CRYSTAL

CRYSTAL is a general-purpose program for the study of crystalline solids. The CRYSTAL program computes the electronic structure of periodic systems within Hartree Fock, density functional or various hybrid approximations (global, range-separated and double-hybrids). The Bloch functions of the periodic systems are expanded as linear combinations of atom centred Gaussian functions. Powerful screening techniques are used to exploit real space locality. Restricted (Closed Shell) and Unrestricted (Spin-polarized) calculations can be performed with all-electron and valence-only basis sets with effective core pseudo-potentials. The current release is CRYSTAL23.

Important

CRYSTAL is not part of the officially supported software on ARCHER2. While the ARCHER2 service desk is able to provide support for basic use of this software (e.g. access to software, writing job submission scripts) it does not generally provide detailed technical support for the software and you may be directed to seek support from other places if the service desk cannot answer the questions.

Useful Links

Using CRYSTAL on ARCHER2

CRYSTAL is only available to users who have a valid CRYSTAL license. You request access through SAFE:

How to request access to package groups

Please have your license details to hand.

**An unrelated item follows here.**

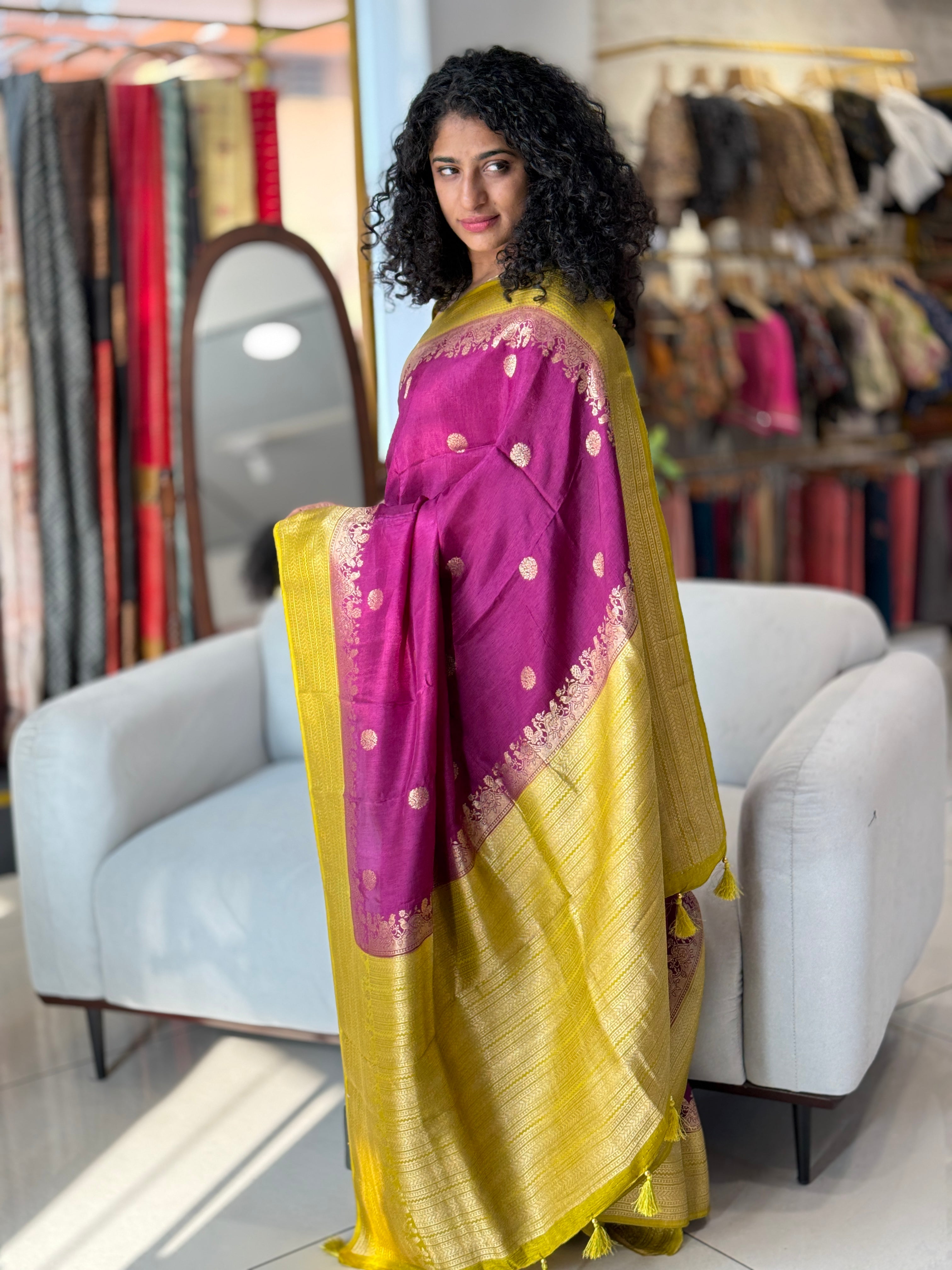 Banarasi Weaved Semi Tussar Saree | NN194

Running parallel CRYSTAL jobs

The following script will run CRYSTAL using pure MPI for parallelisation using 256 MPI processes, 1 per core across 2 nodes. It assumes that the input file is tio2.d12

#!/bin/bash
#SBATCH --nodes=2
#SBATCH --time=0:20:00
#SBATCH --ntasks-per-node=128
#SBATCH --cpus-per-task=1

# Replace [budget code] below with your project code (e.g. e05)
#SBATCH --account=[budget code]
#SBATCH --partition=standard
#SBATCH --qos=standard

module load other-software
module load crystal/23-1.0.1-2

# Ensure the cpus-per-task option is propagated to srun commands
export SRUN_CPUS_PER_TASK=$SLURM_CPUS_PER_TASK

# Change this to the name of your input file
cp tio2.d12 INPUT

srun --hint=nomultithread --distribution=block:block MPPcrystal

An equivalent 2 node job using MPI+OpenMP parallelism with 4 threads per MPI process, 64 MPI processes, 1 thread per core across 2 nodes would be:

#!/bin/bash
#SBATCH --nodes=2
#SBATCH --time=0:20:00
#SBATCH --ntasks-per-node=32
#SBATCH --cpus-per-task=4

# Replace [budget code] below with your project code (e.g. e05)
#SBATCH --account=[budget code]
#SBATCH --partition=standard
#SBATCH --qos=standard

module load other-software
module load crystal/23-1.0.1-2

# Ensure the cpus-per-task option is propagated to srun commands
export SRUN_CPUS_PER_TASK=$SLURM_CPUS_PER_TASK

# Change this to the name of your input file
cp tio2.d12 INPUT

export OMP_NUM_THREADS=4
export OMP_PLACES=cores
export OMP_STACKSIZE=16M

srun --hint=nomultithread --distribution=block:block MPPcrystalOMP

Tips and known issues

CPU frequency

You should run some short (1 or 2 SCF cycles) jobs to test the scaling of your job so you can decide on the balance between cost to your budget and the time it takes to get a result. You now should include a few tests at different clock rates as part of this process.

Based on a few simple tests we have run it is likely that jobs dominated by building the Kohn-Sham matrix (SHELLX+MONMO3+NUMDFT in the output) will see minimal energy savings and better performance at 2.25GHz. Jobs dominated by the ScaLapack calls (MPP_DIAG in the output) may show useful energy savings at 2.0GHz.

Out-of-memory errors

Long-running jobs may encounter unexpected errors of the form

slurmstepd: error: Detected 1 oom-kill event(s) in step 411502.0 cgroup.

These are related to a memory leak in the underlying libfabric communication layer, which will be fixed in a future release. In the meantime, it should be possible to work around the problem by adding

export FI_MR_CACHE_MAX_COUNT=0

to the SLURM submission script.